◆ Assignment:
An exact copy of the listing below is the answer, with the pictures removed.

◆ Data segment:
____
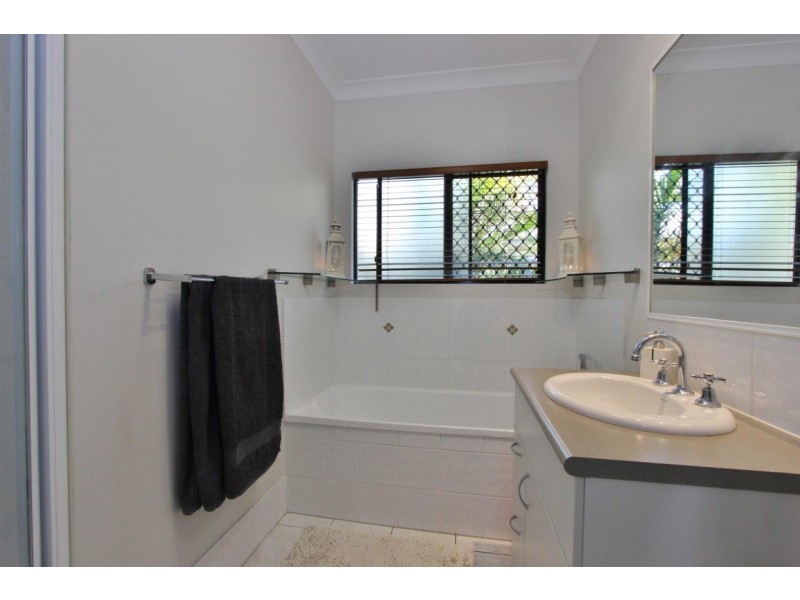 6 Vetiver Street, Trinity Park QLD 4879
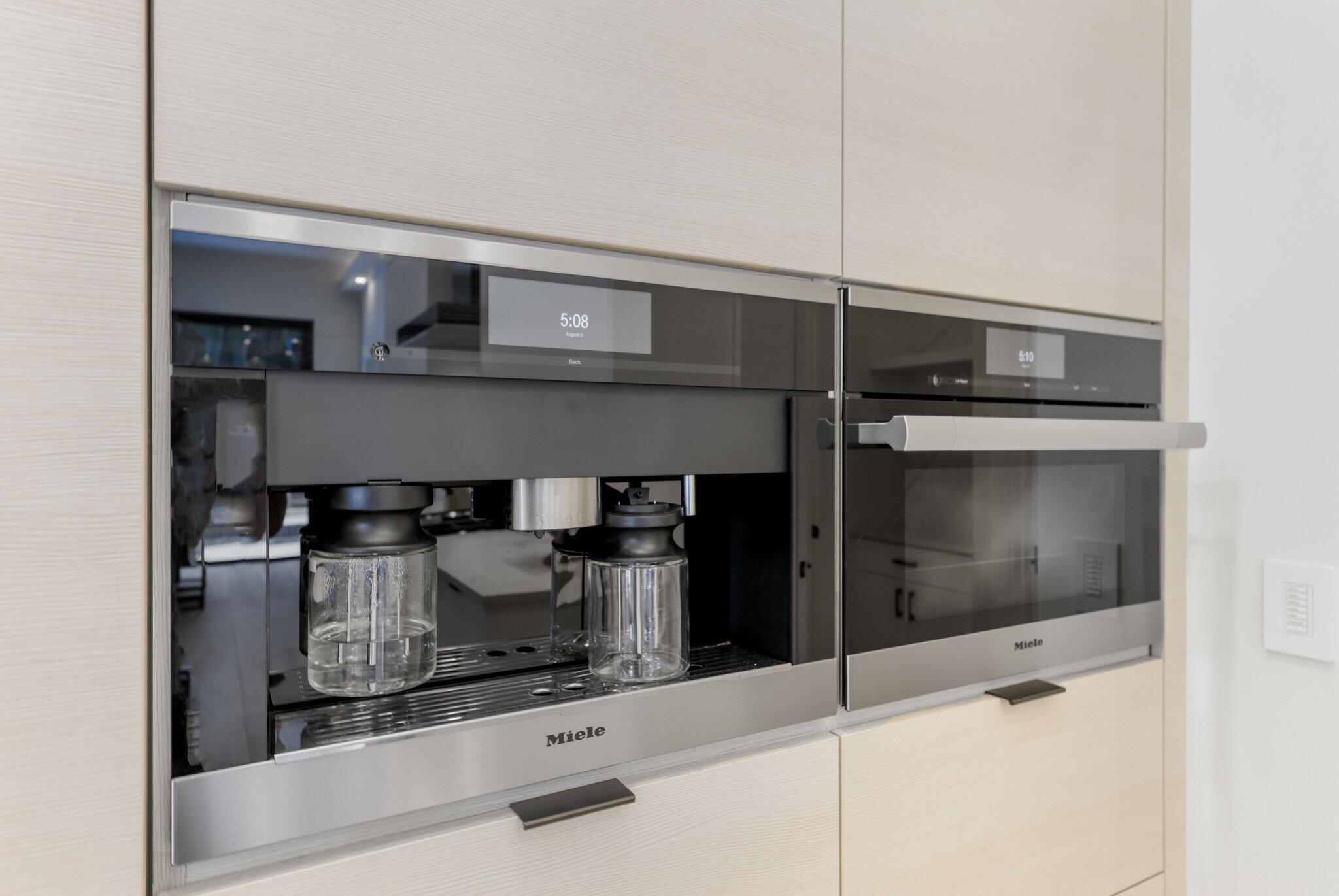 525 Whispering Pines Rd Boynton Beach, FL 33435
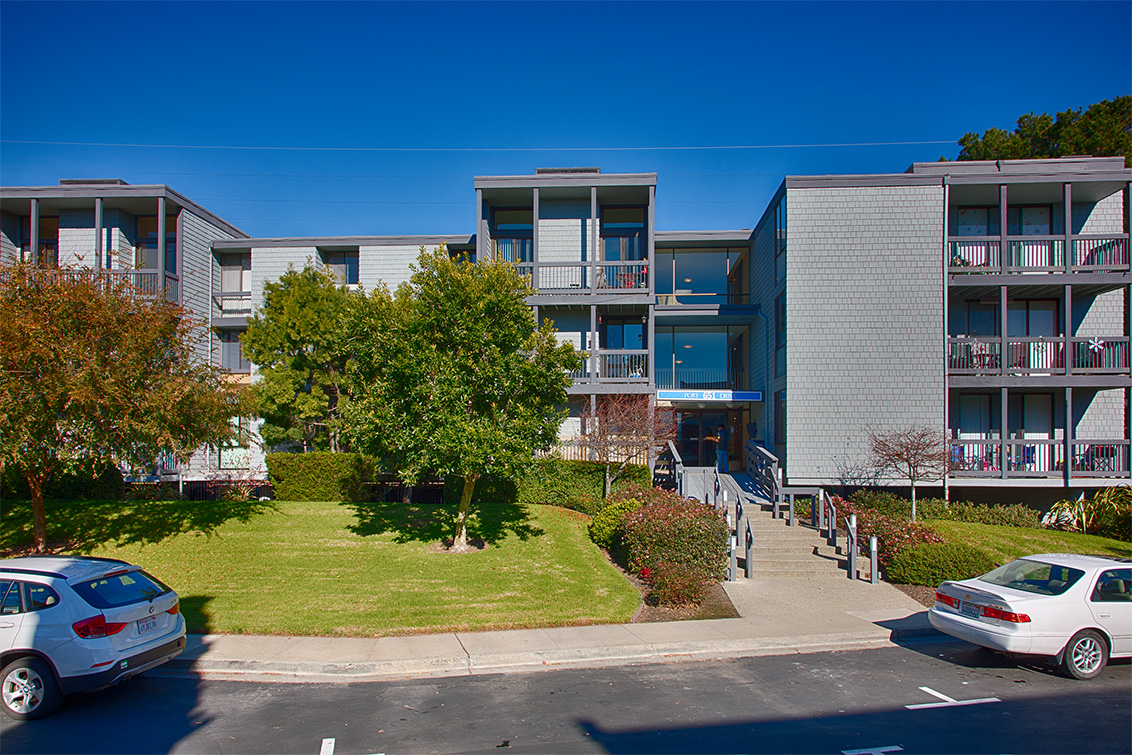 651 Port Dr 203 - San Mateo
____
◆ Answer to the problem:
 6 Vetiver Street, Trinity Park QLD 4879
 525 Whispering Pines Rd Boynton Beach, FL 33435
 651 Port Dr 203 - San Mateo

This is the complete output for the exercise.